L’issue du scrutin est préoccupante à la fois pour ceux des Hongrois qui restent attachés aux libertés fondamentales et pour l’Union européenne, dont la Hongrie est membre depuis 2004. Sur le plan intérieur, le régime Orban apparaît de plus en plus autocratique, même s’il a le soutien du peuple. Le premier ministre sortant est reconduit – c’est la première fois en Hongrie - pour un troisième mandat consécutif. Il est vraisemblable que son succès aura pour conséquence d’accentuer les tendances de ses deux précédents mandats (2010-2014, 2014-2018) plutôt que de les corriger. Le pouvoir personnel de Viktor Orban va s’en trouver renforcé. A l’image d’un Poutine en Russie ou d’un Erdogan en Turquie, Orban entend gouverner sans contrôle. L’opposition, en miettes, devra se renouveler profondément si elle vaut offrir un jour aux Hongrois une alternative crédible.

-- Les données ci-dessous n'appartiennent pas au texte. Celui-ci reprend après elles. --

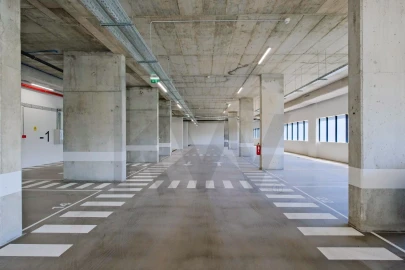 Apartamento T3 para Arrendamento em Algés, Linda-A-Velha e Cruz Quebrada-Dafundo
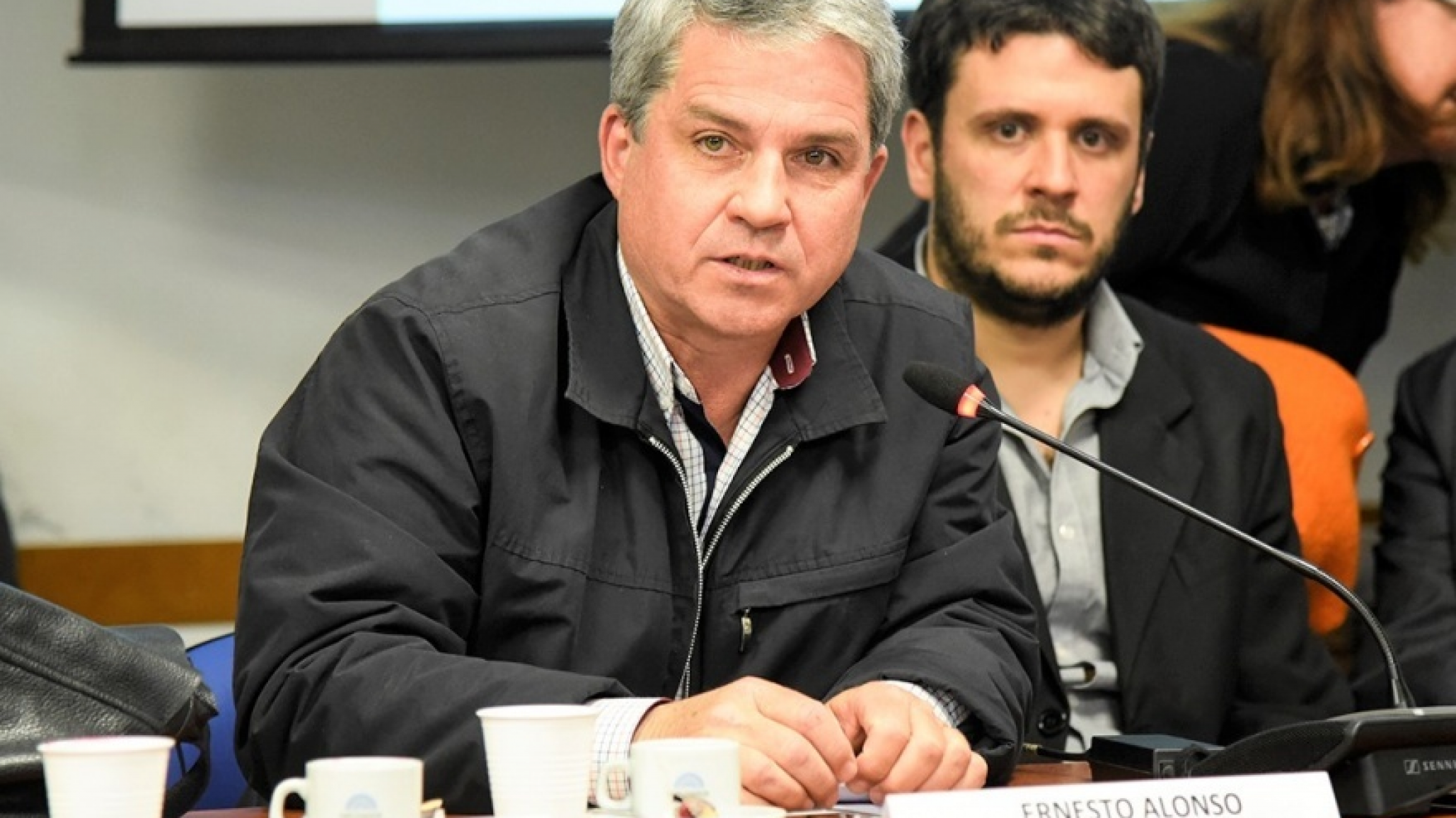 Excombatientes denuncian el uso de la causa "Malvinas" con fines electorales por parte del presidente Milei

Sur le plan extérieur, la réélection de Viktor Orban est d’abord un défi lancé à l’Union européenne, qui n’a cessé de s’inquiéter à la fois des atteintes à l’Etat de droit en Hongrie et des dérives anti-européennes de Budapest. Au moment où les Européens, sous l’impulsion d’Emmanuel Macron et d’Angela Merkel, cherchent à s’entendre sur une relance de l’Europe, le souverainisme du dirigeant hongrois, partisan, comme le Front national en France, d’une Europe des Etats, et non pas d’une Europe communautaire, met en difficulté ses partenaires. « Les nationaux peuvent être majoritaires en Europe aux prochaines européennes de 2019 », a clamé Marine Le Pen en saluant la victoire du premier ministre hongrois. La bataille des idées est engagée. Elle oppose deux visions de l’Europe, deux visions de la démocratie. La meilleure réponse que puissent apporter Emmanuel Macron, Angela Merkel et leurs alliés à Viktor Orban et à ses semblables est de redonner à l’Union européenne son dynamisme perdu.